Filed under History of Logic, History of Mathematics, History of science, Ladies of Science, Uncategorized

Galileo, The Church and that ban

Quite Interesting @qikipedia is the Twitter account of the highly successful British television comedy panel game QI (Quite Interesting). For those who are not aficionados of this piece of modern television culture it is described on Wikipedia thus:

The format of the show focuses on Davies and three other guest panelists answering questions that are extremely obscure, making it unlikely that the correct answer will be given.
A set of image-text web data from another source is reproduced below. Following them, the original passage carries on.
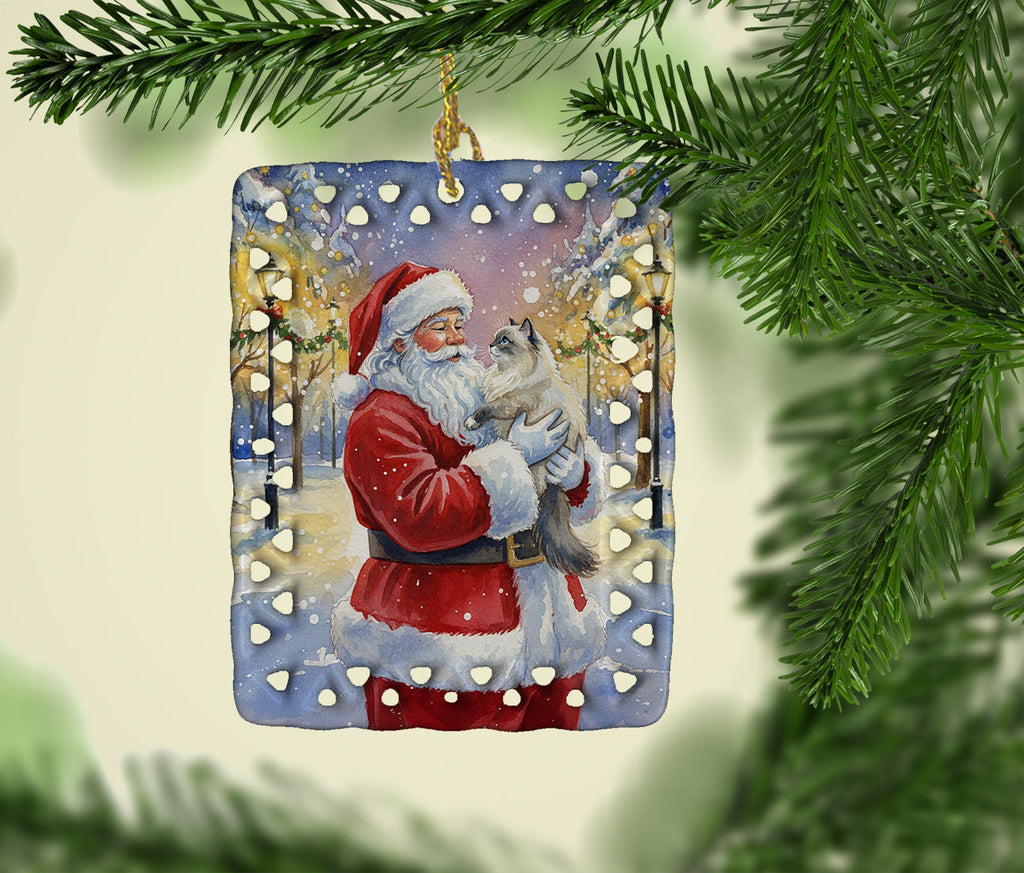 Ragdoll Blue Point Cat with Santa Claus Porcelain Ornament Christmas Tree Hanging Decorations for Home Christmas Holiday, Rectangle, Gift, Multicolor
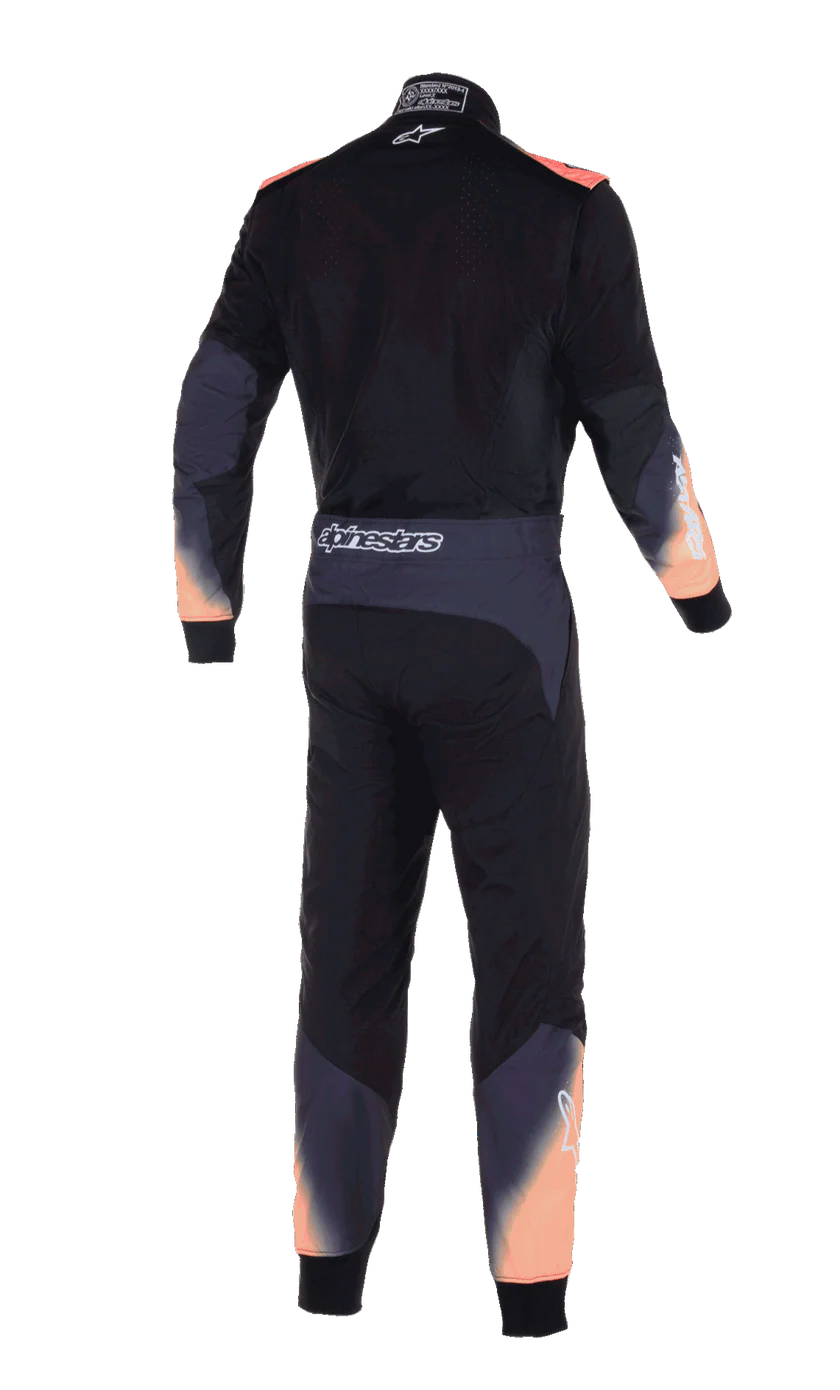 Black racing suit with brand logo on a white background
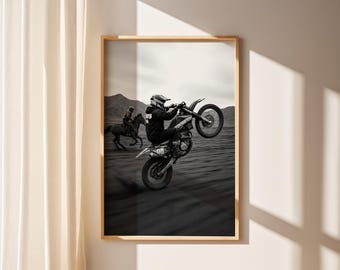 Motor Racing Mit einem Pferd, Motorrad Retro Kunst Poster, Pferderennen Poster, Pferdekraft Raumästhetische Poster, Pferd Motorrad, Druck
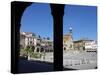 Pizarro Statue and San Martin Church, Plaza Mayor, Trujillo, Extremadura, Spain, Europe-Jeremy Lightfoot-Stretched Canvas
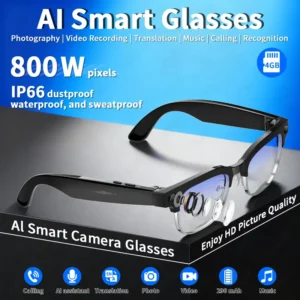 New AI Smart Glasses 800W Pixel Camera Bluetooth Call Voice Assistant Sunglases Music Player Translate 6K Antiblue Light Glasses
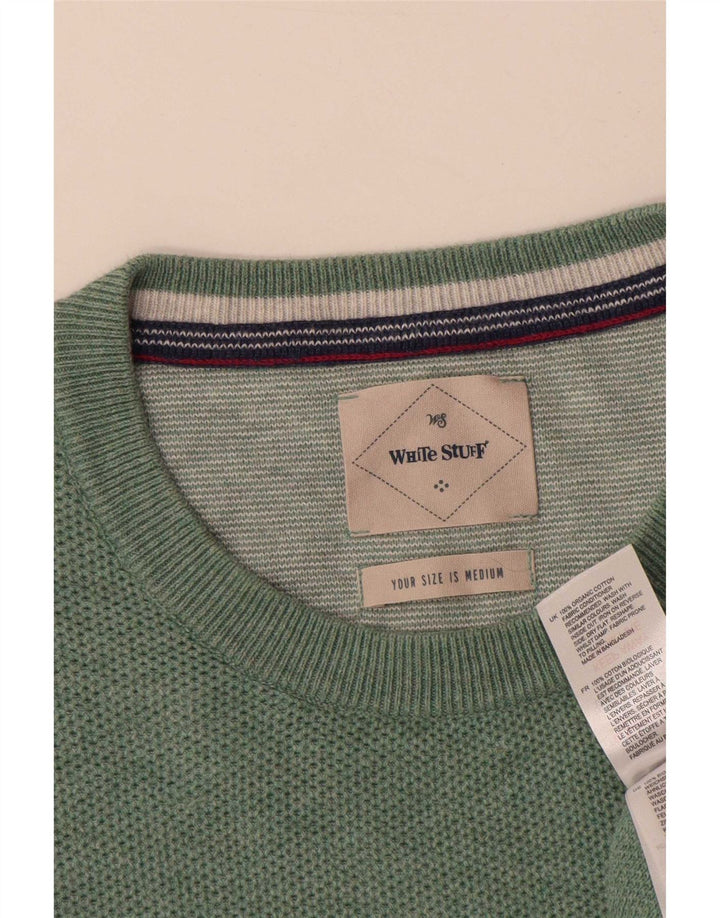 Jersey con cuello redondo para hombre de White Stuff en algodón verde medio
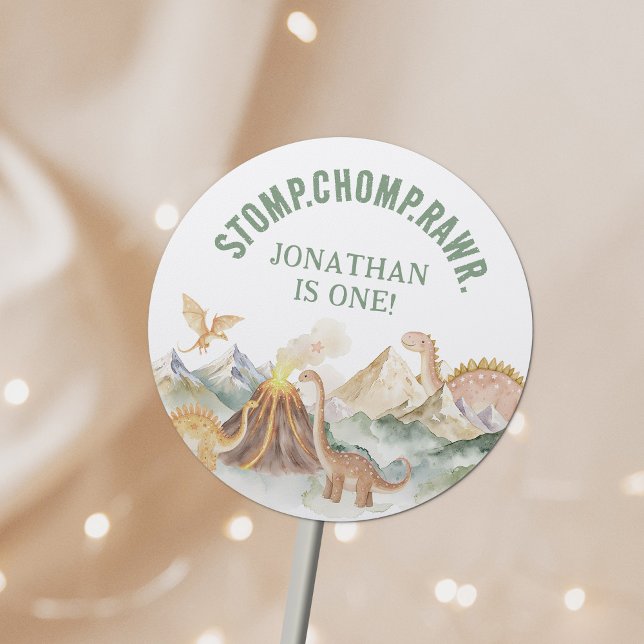 Adesivo Redondo Festa de primeiro aniversario de Dinossauro do Sto (Criador carregado)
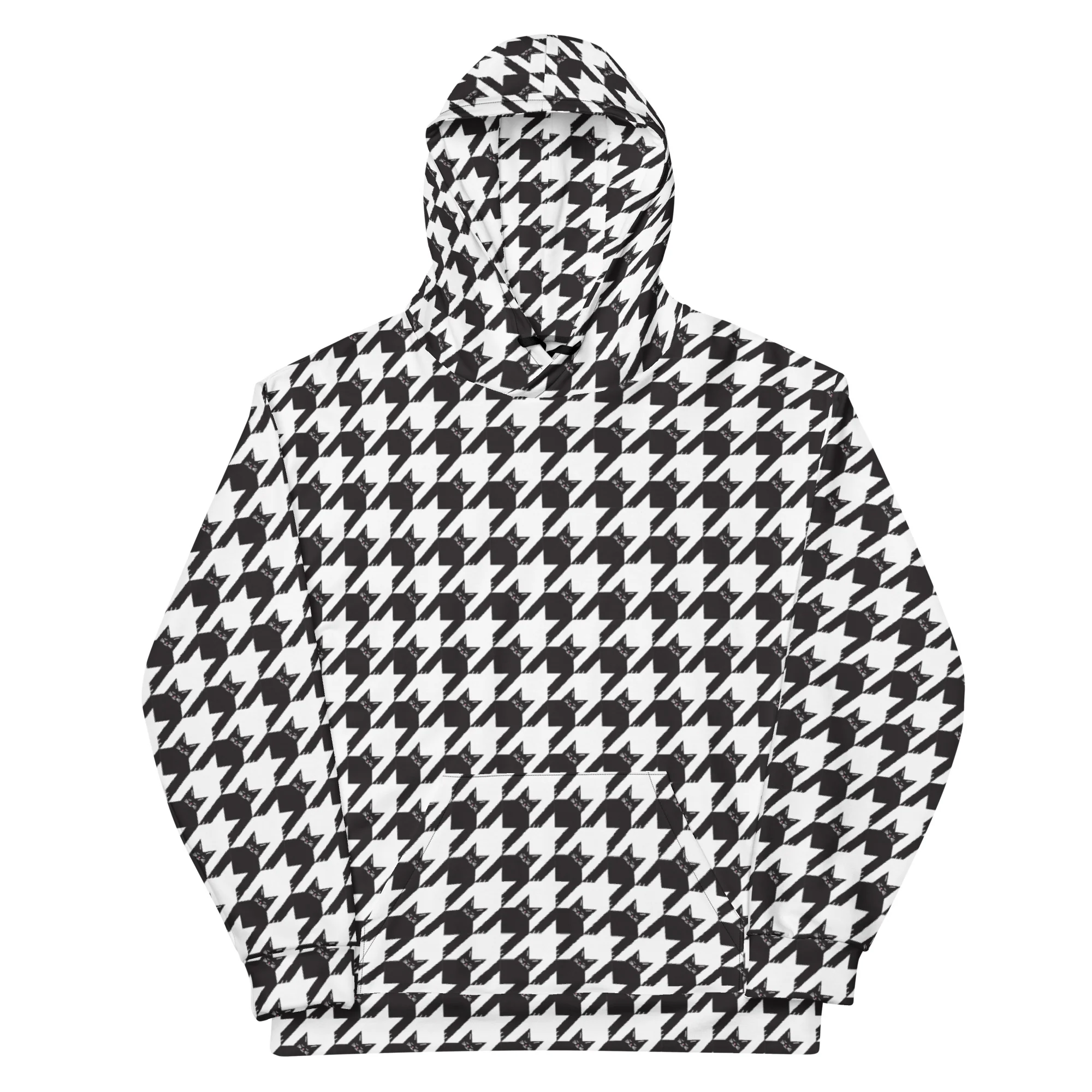 Black Cat Houndstooth All Over Print Hoodie - Image 2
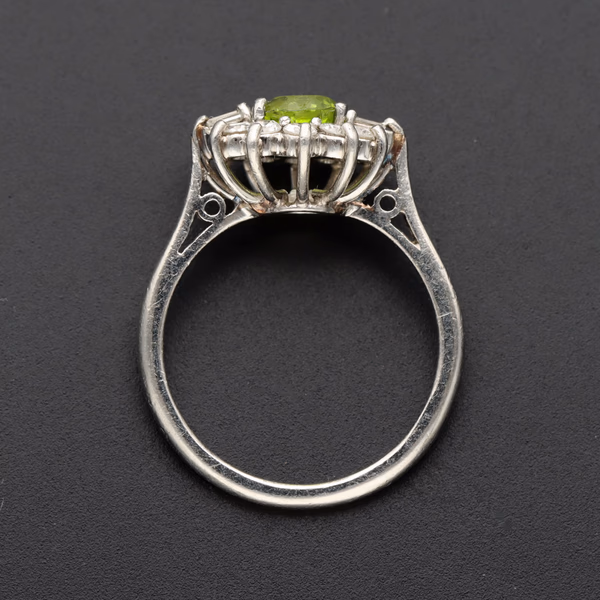 Platinum Peridot & Diamond Cluster Ring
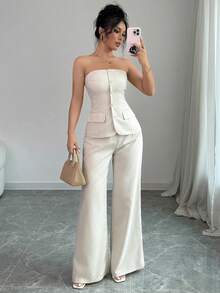 Selianne Bộ 2 món áo trễ vai thanh lịch màu trơn cho nữ và quần ống đứng - Màu be - Xem 4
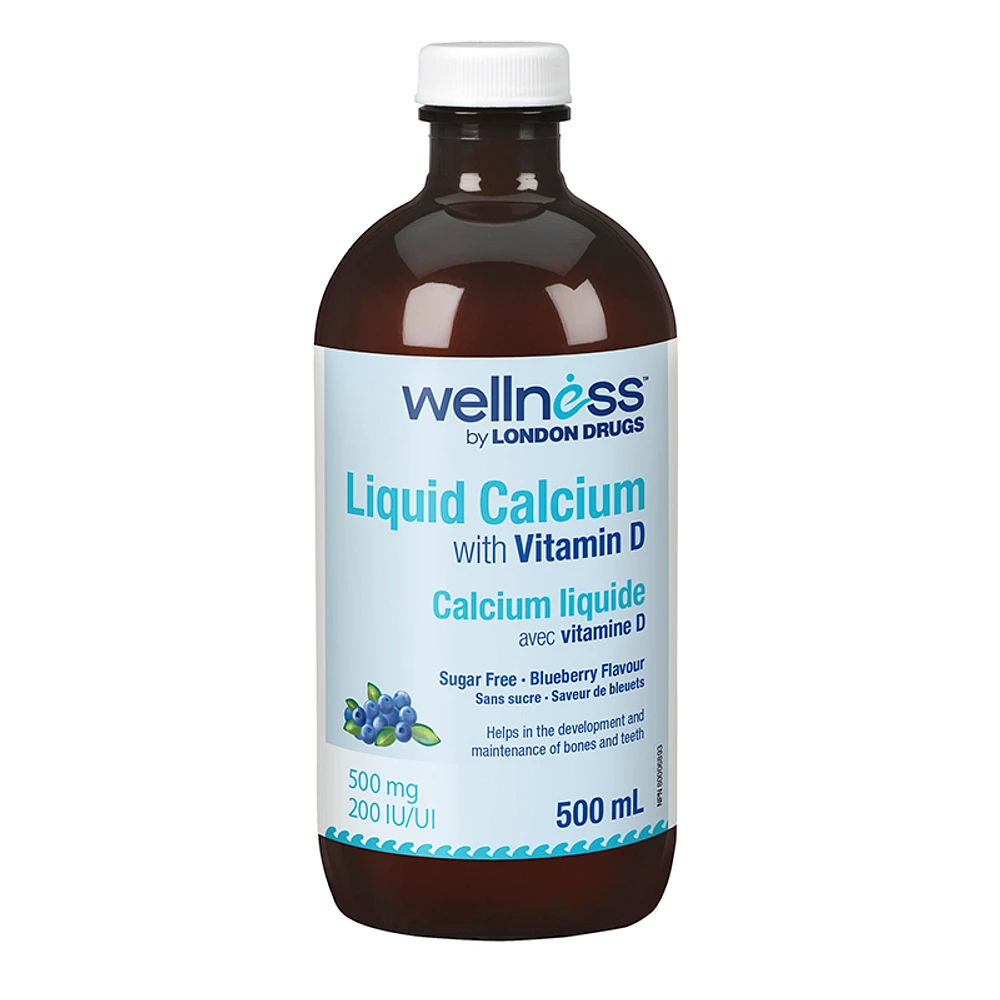 Wellness by London Drugs Liquid Calcium with Vitamin D - 500ml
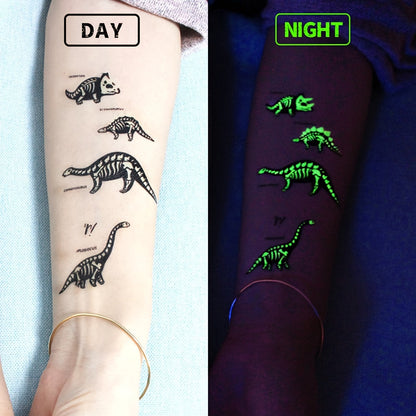 10 Sheets Luminous Dinosaurs Temporary Tattoos - Glow in the Dark T-Rex, Pterosaur, Velociraptor, Triceratops, Stegosaur Designs, Ideal for Dinosaur Birthday Parties and Stocking Stuffers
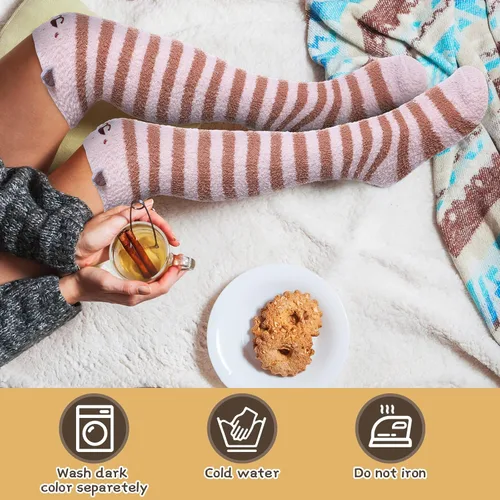 Vista 7 de 4 pares de calcetines peludos hasta el muslo para mujer, lindas medias de dibujos animados por encima de la rodilla, esponjosas, con rayas Kawaii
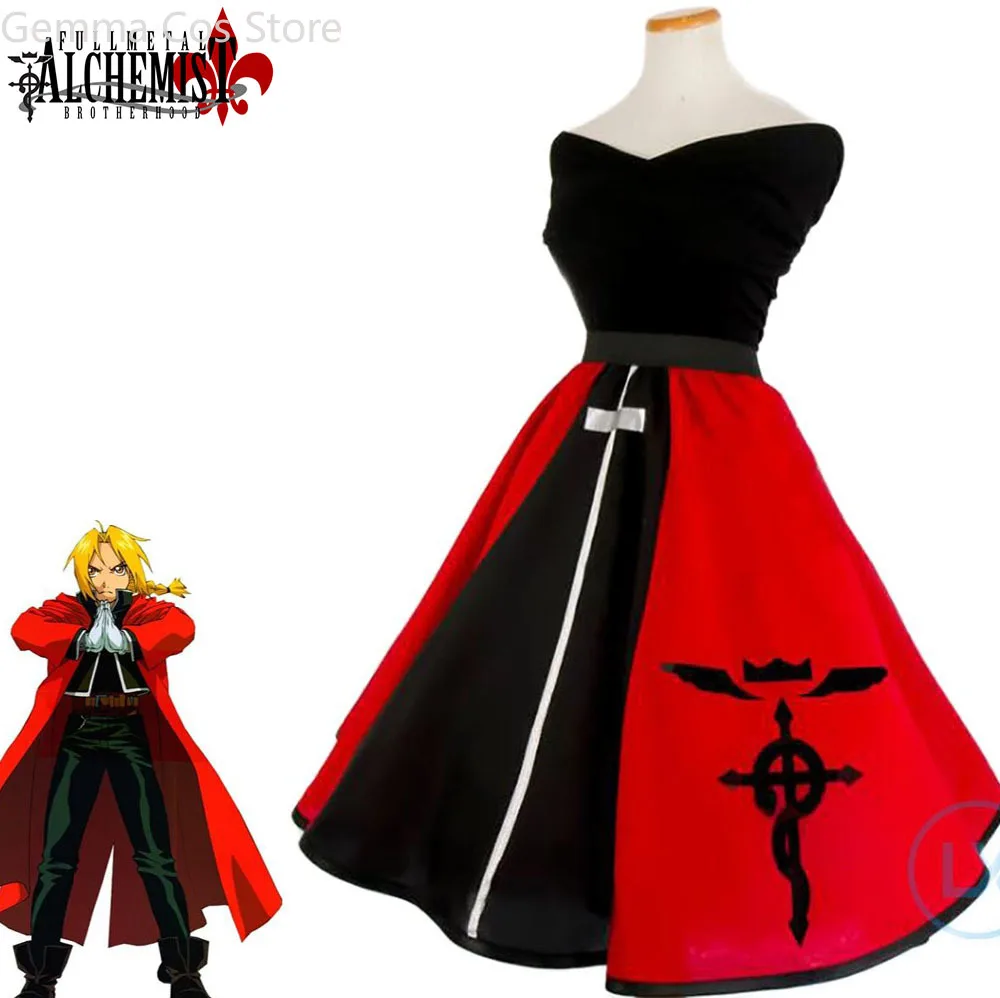 

Anime Fullmetal Alchemist Cosplay Costume Edward Elric Women lolita Dress Kimono Cosplay Costume Cutome-Made Halloween Cos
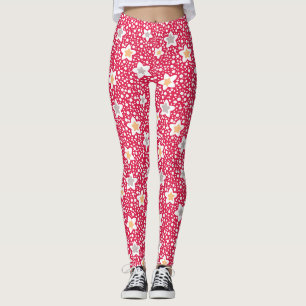 Colourful flowers on a retro polka dot background leggings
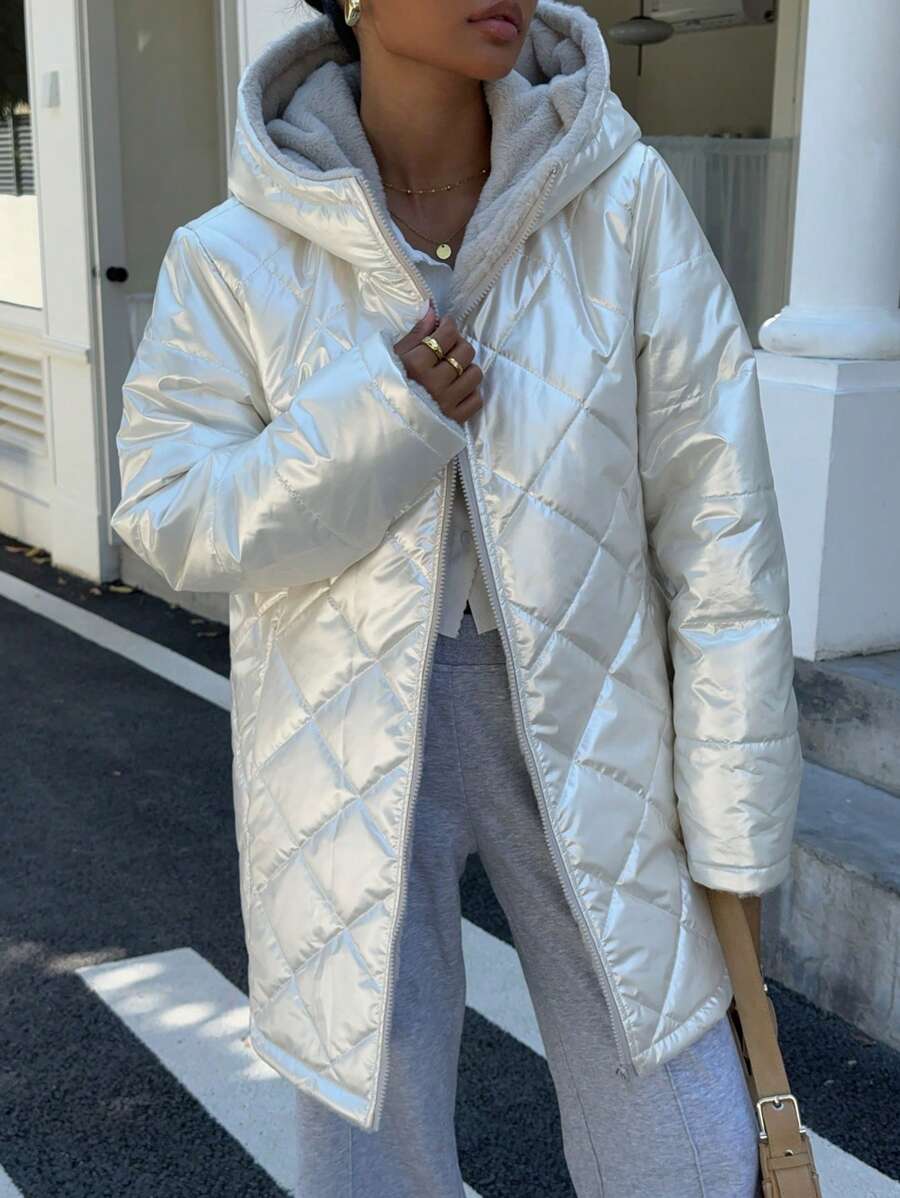 SHEIN Unity 一件可双面穿连帽口袋长袖加厚棉服冬季保暖外套 - 淺灰色 - 查看 1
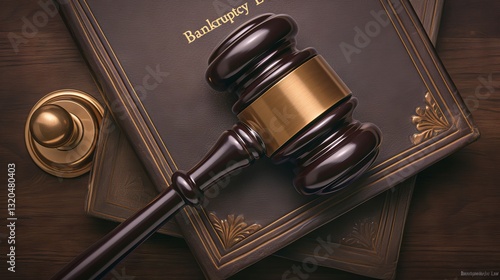 Wooden gavel resting on leather-bound book titled 'bankruptcy law,' symbolizing legal authority and debt resolution concept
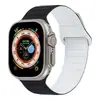 Adecuado para Correa de Apple Watch Applewatch Silicona Texturizada de Cuero Correa con Bucle Magnético Línea de Coche Generación S1-10 Ultra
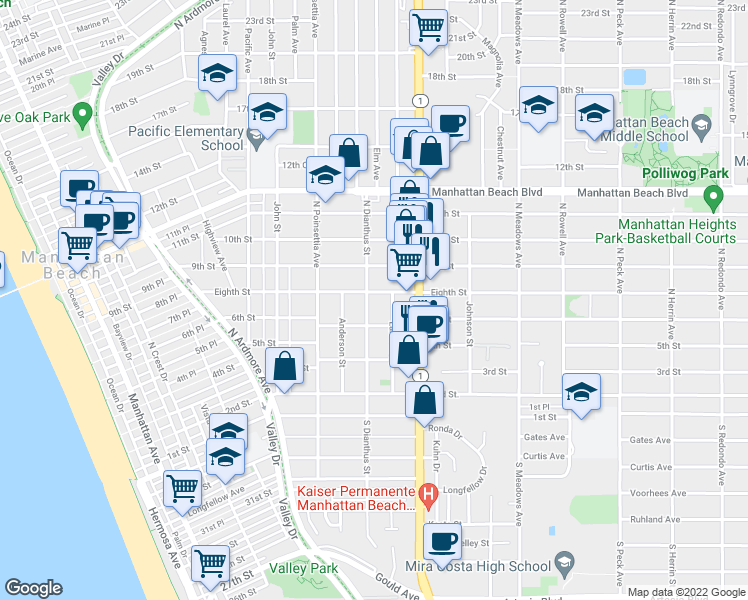 map of restaurants, bars, coffee shops, grocery stores, and more near 714 North Dianthus Street in Manhattan Beach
To compensate, the panelists are awarded points not only for the right answer, but also for interesting ones, regardless of whether they are right or even relate to the original question, while points are deducted for “answers which are not only wrong, but pathetically obvious”– typically answers that are generally believed to be true but in fact are misconceptions. These answers, referred to as “forfeits”, are usually indicated by a loud klaxon and alarm bell, flashing lights, and the incorrect answer being flashed on the video screens behind the panelists. [my emphasis]

Given the section that I have highlighted above the Twitter account should have points deducted to the sounds of a loud klaxon and an alarm bell accompanied by flashing lights for having tweeted the following on 12 September

It wasn’t until 1992 that the Catholic Church finally admitted that Galileo’s views on the solar system were correct – @qikipedia

Portrait of Galileo that accompanied the @qikipedia tweet


This is of course complete rubbish. In what follows I will give a brief summary of the Catholic Church’s ban on heliocentrism, as propagated by Galileo amongst others.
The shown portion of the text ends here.